Problem: A faithful copy of all the records is needed, with the pictures omitted.

(Provided data begins)

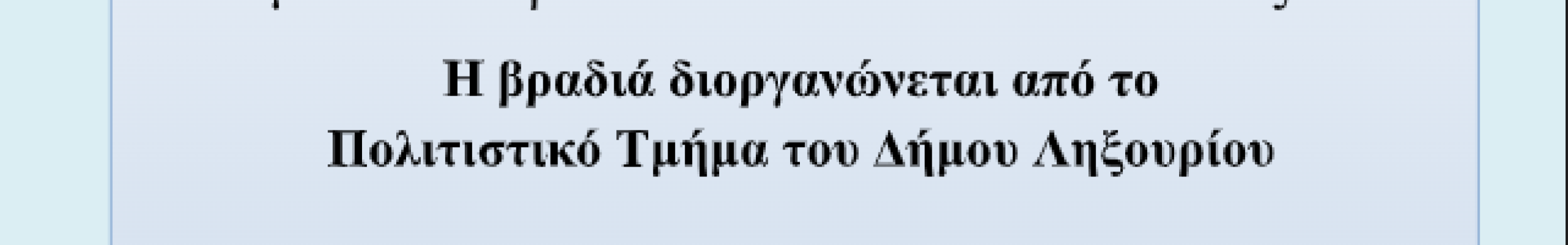 Ο περίφημος μάγος OSKAR απόψε στα Χαυδάτα
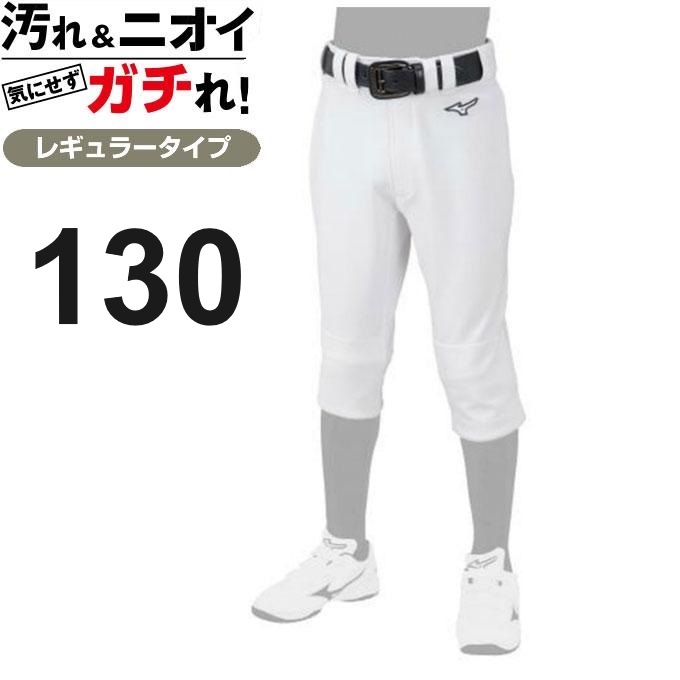 130サイズ ミズノ レギュラー 野球 パンツ ホワイト 白 ユニフォーム ウェア ズボン ジュニア 少年 子ども ひざ二重 練習着の画像1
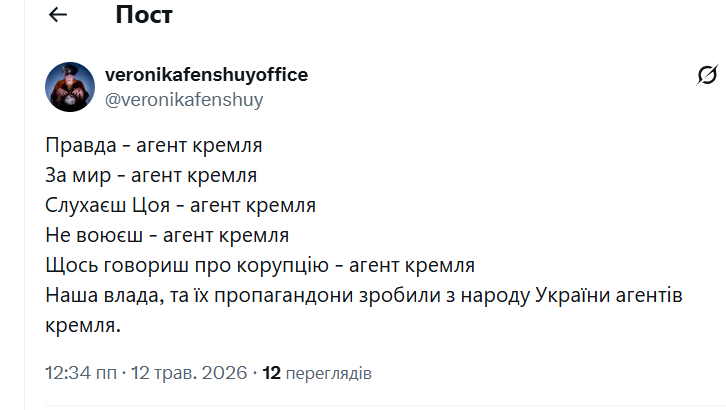 Olеnа Gаrna tweet media
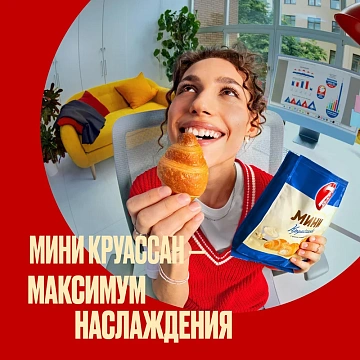 Круассаны 7 Days ваниль, 265г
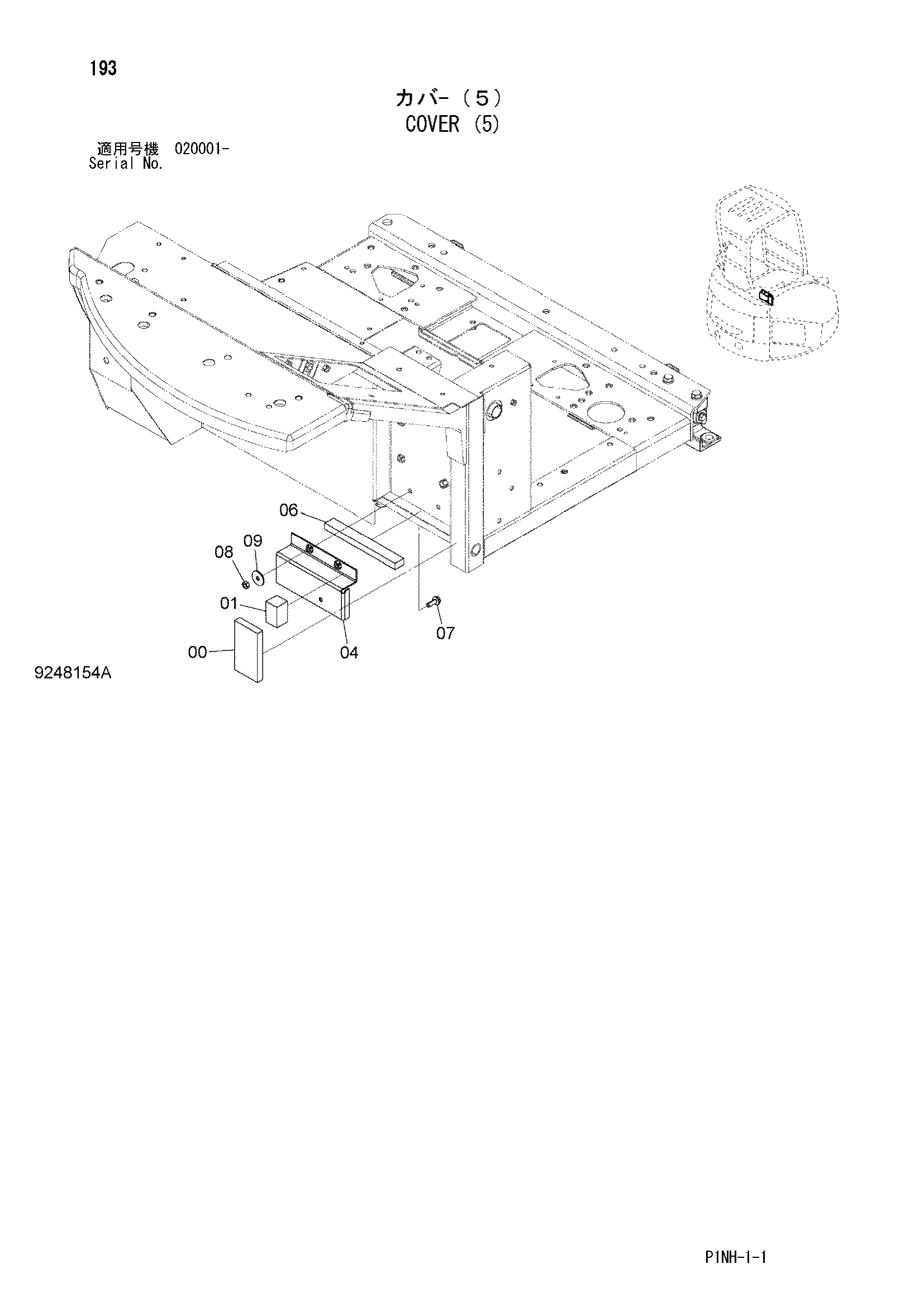 Схема Крышка (5) HITACHI ZX52U-3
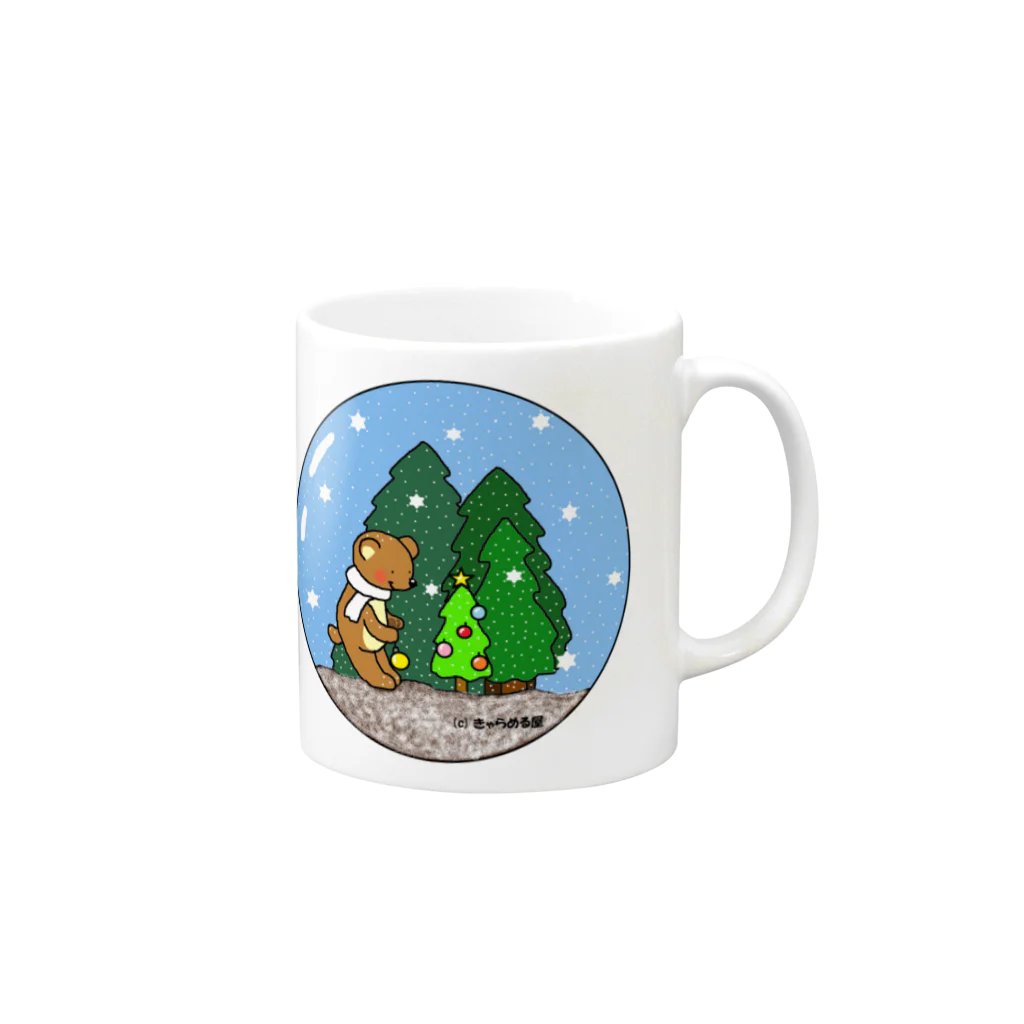 きゃらめる屋のsnow dome bear Mug :right side of the handle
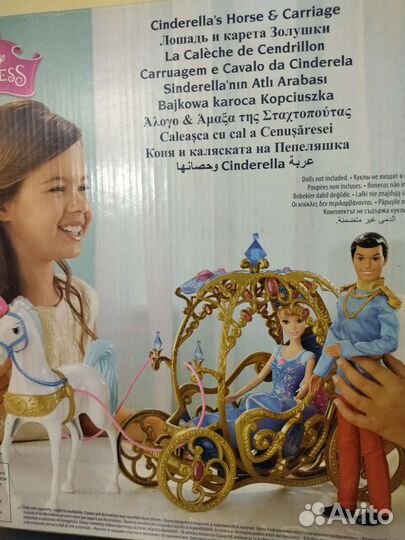 Лошадь и карета для Золушки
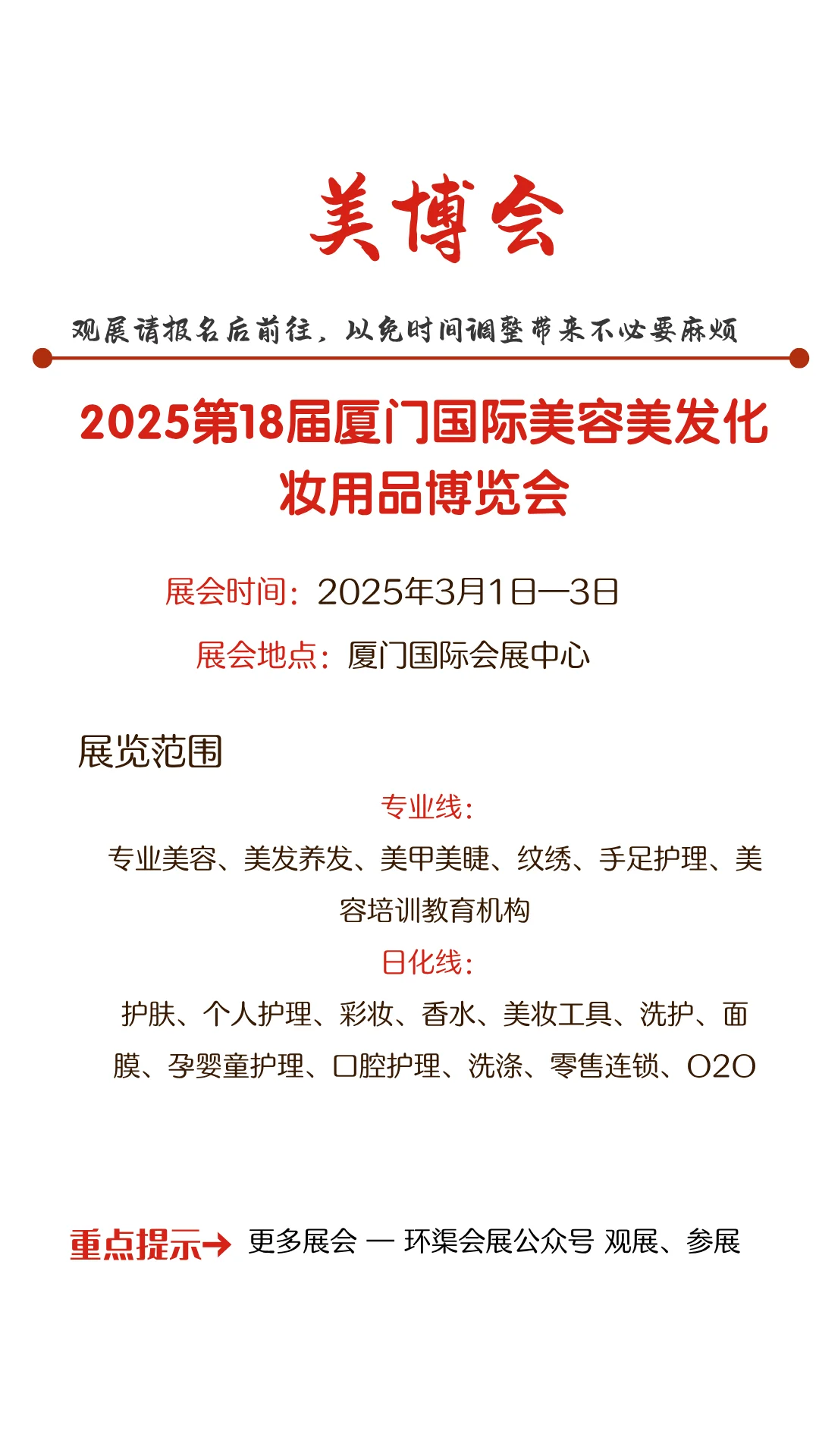 2025第18届厦门国际美容美发化妆用品博览会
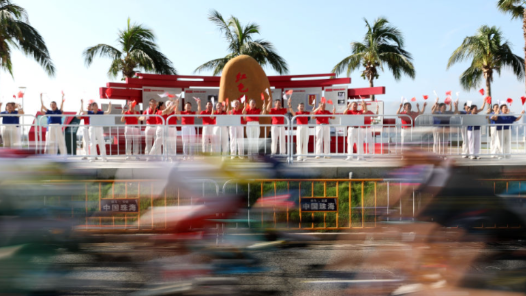 十五运会开幕式主题歌发布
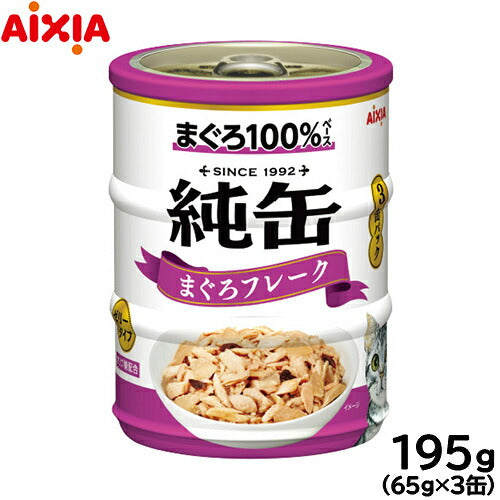 アイシア キャットフード 純缶ミニ3P まぐろフレーク 195g（65g×3缶） 猫缶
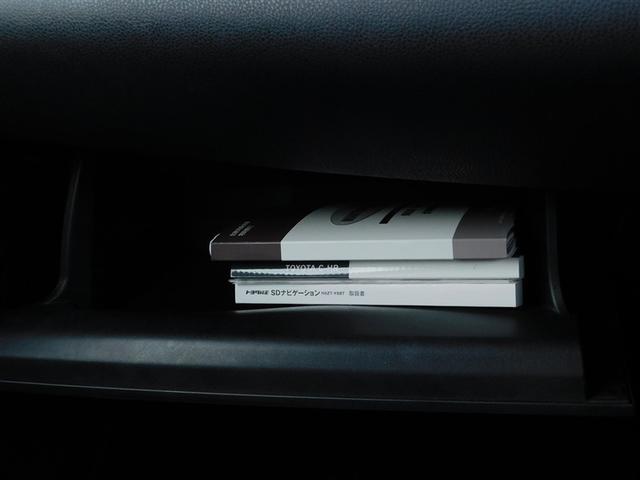 �O���[�u�{�b�N�X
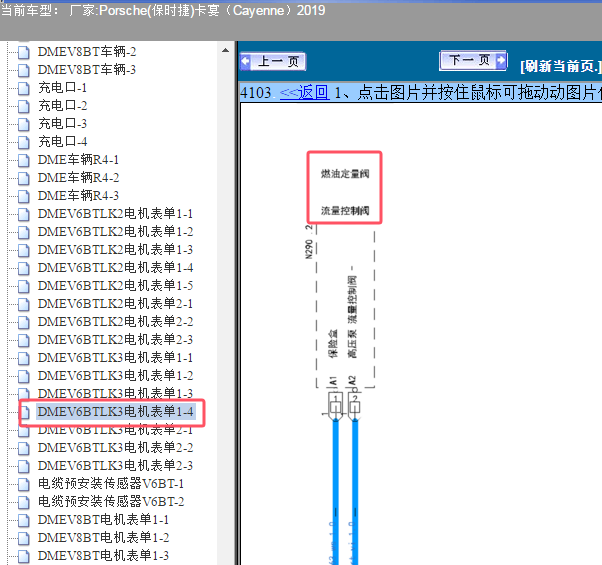 2019年保时捷卡宴燃油定量阀电路图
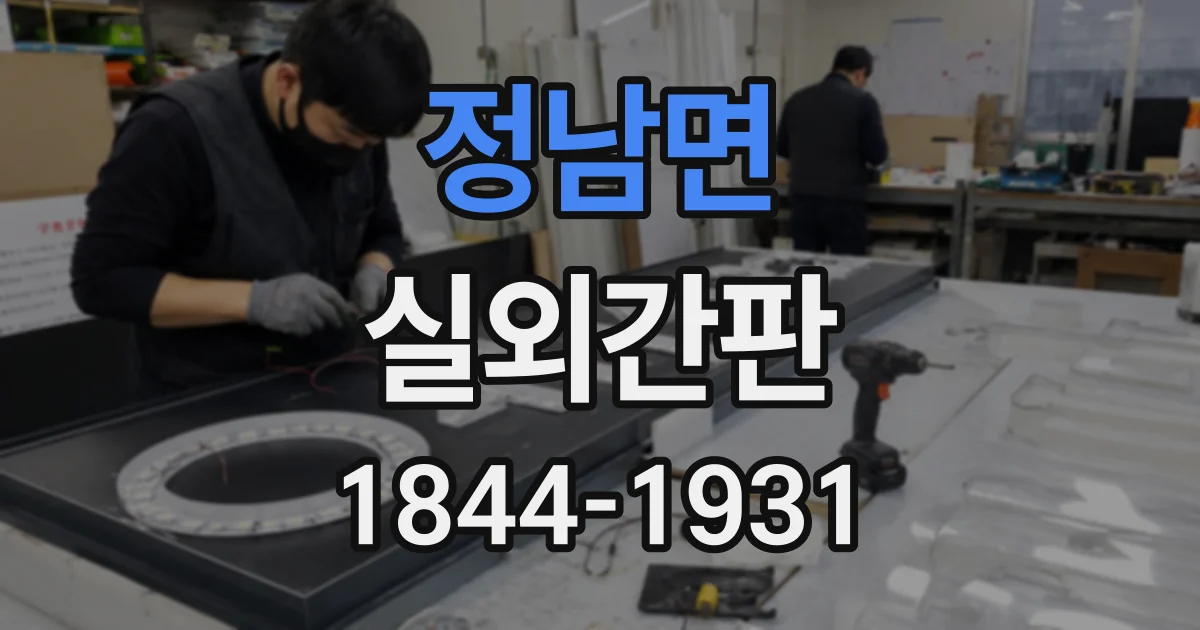 정남면 실외간판
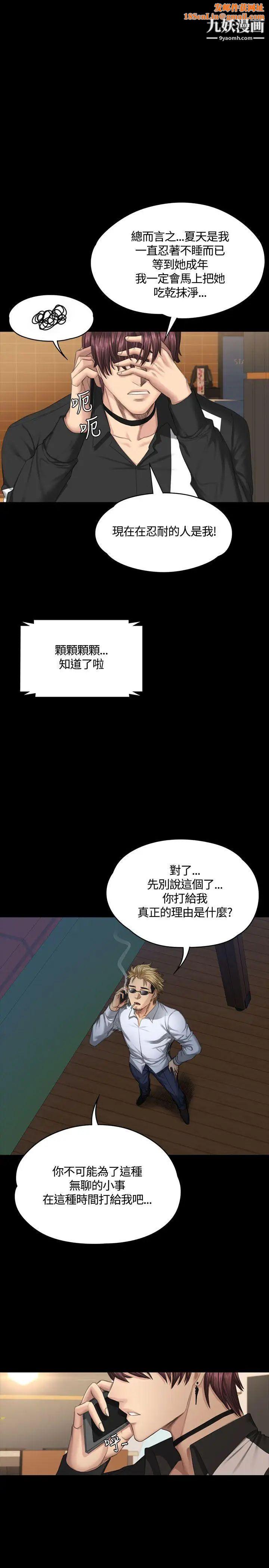 製作人:练习生第38话-医院院长夫人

(Provided data ends)

Solution for this exercise:
 Ο περίφημος μάγος OSKAR απόψε στα Χαυδάτα
 130サイズ ミズノ レギュラー 野球 パンツ ホワイト 白 ユニフォーム ウェア ズボン ジュニア 少年 子ども ひざ二重 練習着の画像1
 Olеnа Gаrna tweet media
 Круассаны 7 Days ваниль, 265г
 Схема Крышка (5) HITACHI ZX52U-3
 きゃらめる屋のsnow dome bear Mug :right side of the handle
 Лошадь и карета для Золушки
 2025第18届厦门国际美容美发化妆用品博览会
 十五运会开幕式主题歌发布
 アイシア キャットフード 純缶ミニ3P まぐろフレーク 195g（65g×3缶） 猫缶
 �O���[�u�{�b�N�X
 2019年保时捷卡宴燃油定量阀电路图
 정남면 실외간판
 製作人:练习生第38话-医院院长夫人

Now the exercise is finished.